それでも当人がどう考えるかは、やはり別問題なのだった。
「今のままじゃ、いつか足を引っぱるかもしれない。これ以上迷惑かけたくない」
「迷惑なんてそんな……」
「忘れてた――思い出した」
つと、向けられたまなざしは、思ったよりもしっかりとしたものだった。
「強くなる、もっと。誰にも頼らないで済むくらいに」
ショウは思わず息を呑む。それほどに、アヤノの眼の金色は燃えていた。
強さに対する執着、翻って弱さへの嫌悪。アヤノはその傾向が人一倍強い。だからこそこんなに早く上達したのだろうし、いつまでも向上心を持ち続けている。成長に奢らず失敗をしても諦めない。
このところ少し落ち着いていたようなだったのが、ここへきて、文字通り『火がついた』らしい。
「もっとレベル上げないと。もっと戦わないと。もっと」
「待ってアヤ。まずは落ち着いて……1回深呼吸してみようか」
そんなひたむきさを見ていると、つい手を貸したくなる。それに度が過ぎるようだと心配だ。アヤノには、単独で急に暴走しだした前科もある。
「目的意識もやる気ももちろん大事だけど。焦りは失敗の元だよ。それと、アヤにはもうひとつ、覚えておいてほしいかな」
普段よりもう少し見開かれた金色がこちらをじっと見上げてくる。それをのぞき込みながら、ショウはゆっくりと続けた。
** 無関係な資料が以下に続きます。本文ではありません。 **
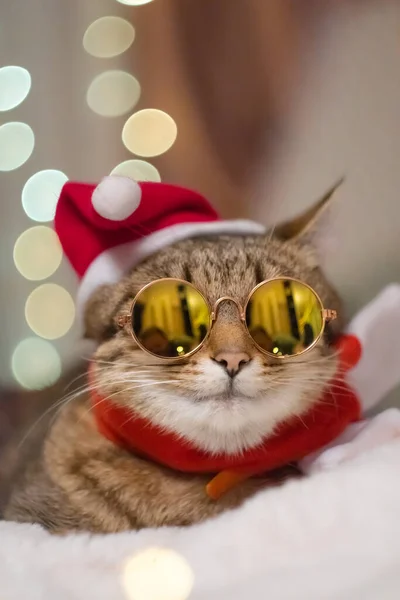Gato Engraçado Chapéu Papai Noel Natal Óculos Sol Fundo Luzes — Fotografia de Stock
「1人で完璧にやろうなんて、そんな寂しいこと考えないで。僕達がここにいること、忘れないで」
口にした瞬間、背後でダンテがため息をついた。『お前がそれを言うか』という声なき声はひとまず聞こえなかったふりで、ぽんぽんとアヤノの肩をたたく。
「ね」
「……ん……」
「不満そうな顔してうなずかないでほしいな? 応援してるのは本当だよ」
「……知ってる」
答えるが早いかアヤノはふいと顔をそらした。視線はそのまま、まっすぐにバトルフィールドを見据えた。
「待って待って、焦らないでって」
「おいアヤ! お前ひとの助言は聞いとけっての!」
アルが若干の苛立ちを含んだ声を上げた。しかしアヤノはちらりと見返っただけだった。それを離れた場所から眺めるユーリは、まだ脱力気味のままだ。
軽い頭痛を覚えつつ、ショウは口を引き結ぶ。また噛み合わなくなった。何事も、人間関係も含め、詰まるところ一進一退ということなのだろうが――
「ショウ。先の言葉は自戒でもあると理解していいのだろうな」
上からささやきが降ってきた。ショウは一度目を伏せ、次いで、精一杯の笑顔を作りダンテを見上げる。
こぼれ出たのは我ながら誤魔化しめいた返答だった。